[WHAT IS NEEDED]:
Line by line, return the listing exactly, without any of the images.

[DATA EXCERPT]:
:::::

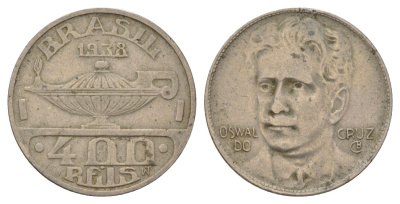 Бразилия 400 реалов 1938 Освалду Крус KM 539 медно-никель 4626-113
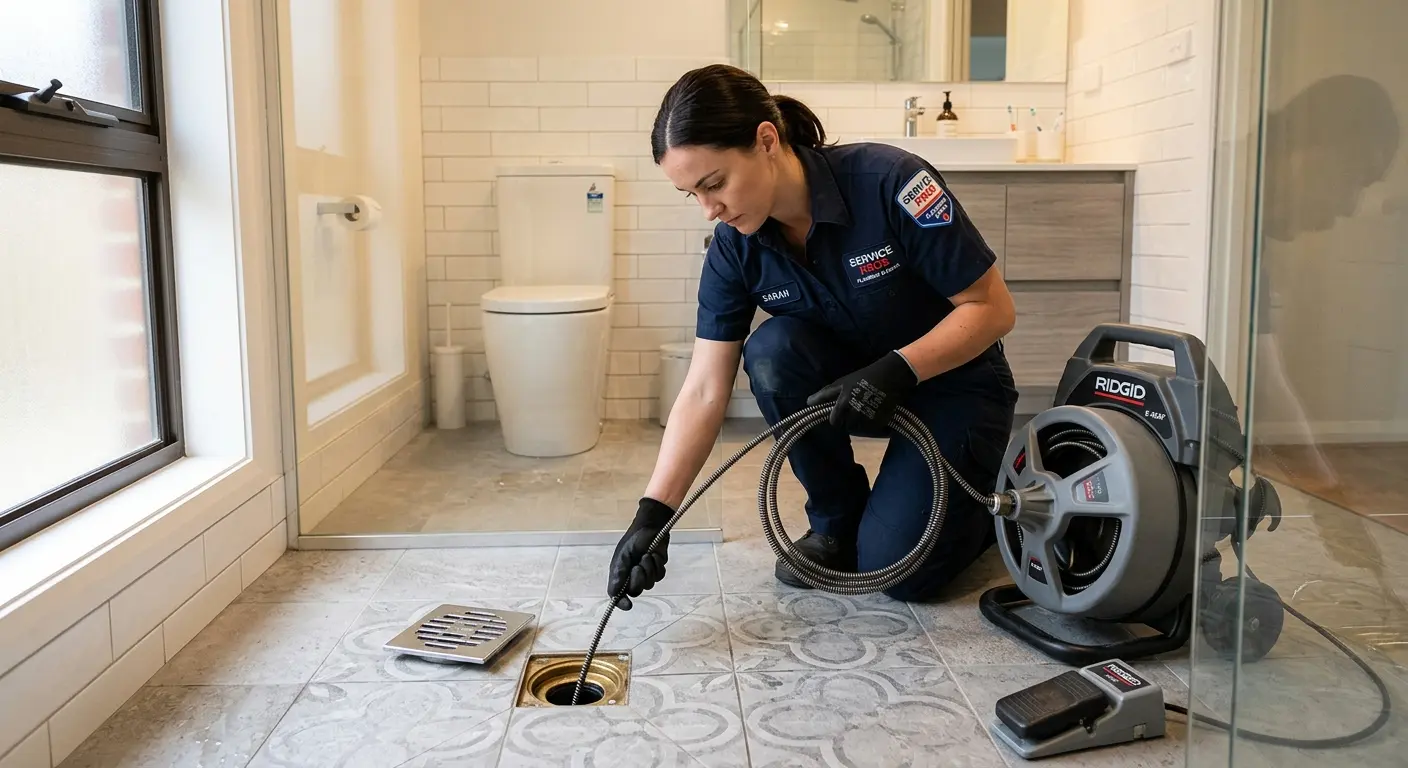 Technician clearing a bathroom floor drain for Sewer Line Replacement in Green River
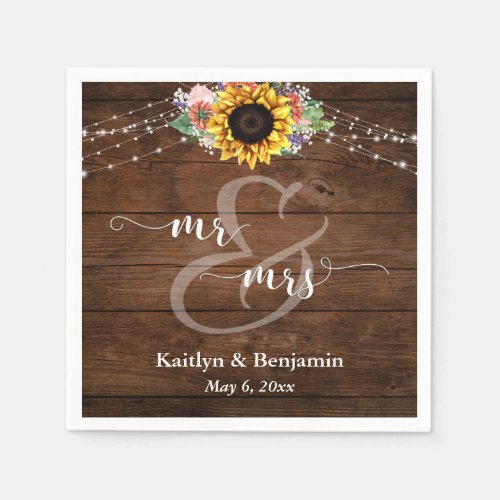 Brown Wood Sunflower Lights Mr and Mrs Napkins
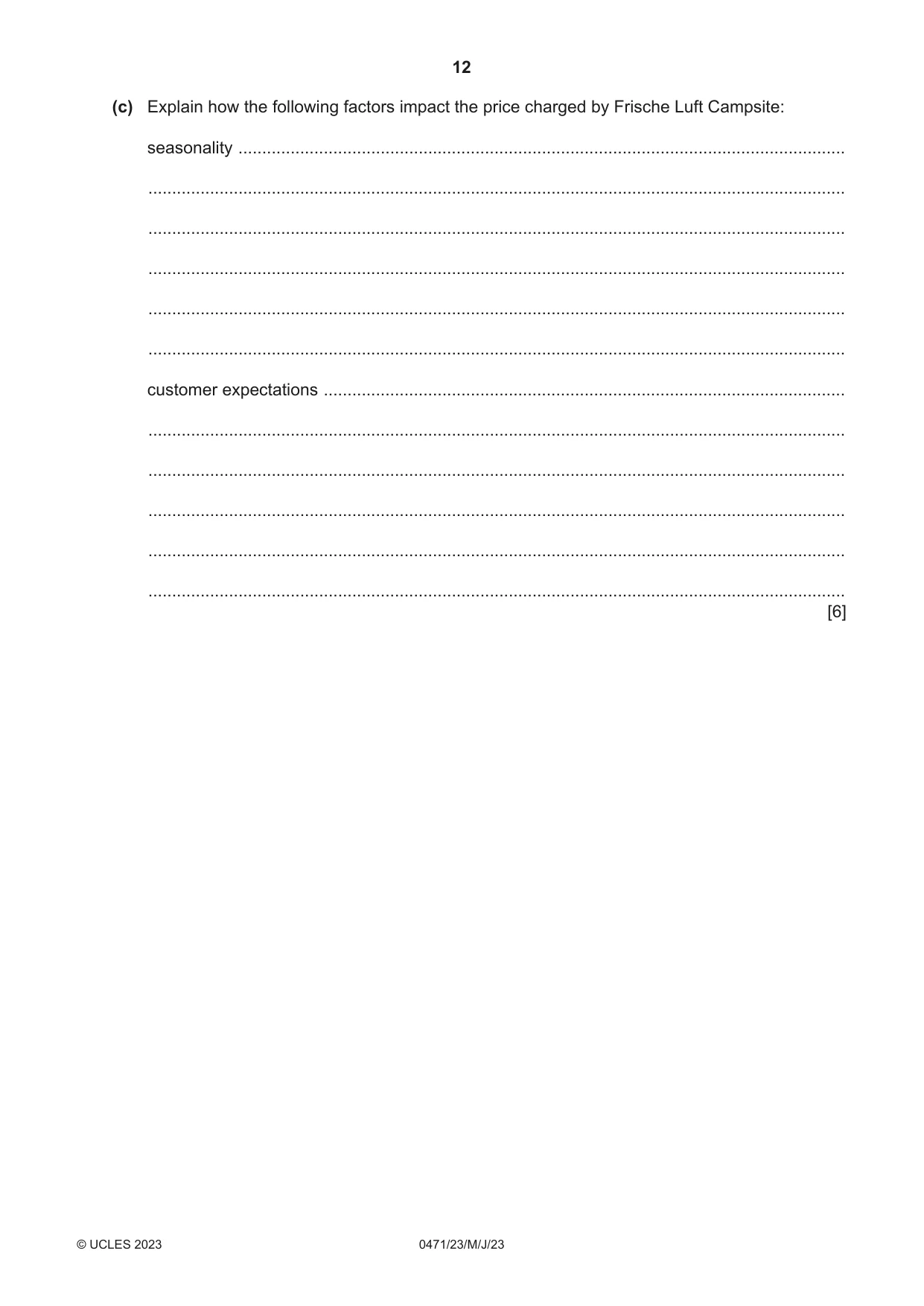 Cambridge IGCSE Travel and Tourism 0471 2023 May/June Paper 2 · Variant 3 question paper, page 12 of 16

:::::

[ANSWER SECTION]:
 Бразилия 400 реалов 1938 Освалду Крус KM 539 медно-никель 4626-113
 Technician clearing a bathroom floor drain for Sewer Line Replacement in Green River
 Brown Wood Sunflower Lights Mr and Mrs Napkins
 Cambridge IGCSE Travel and Tourism 0471 2023 May/June Paper 2 · Variant 3 question paper, page 12 of 16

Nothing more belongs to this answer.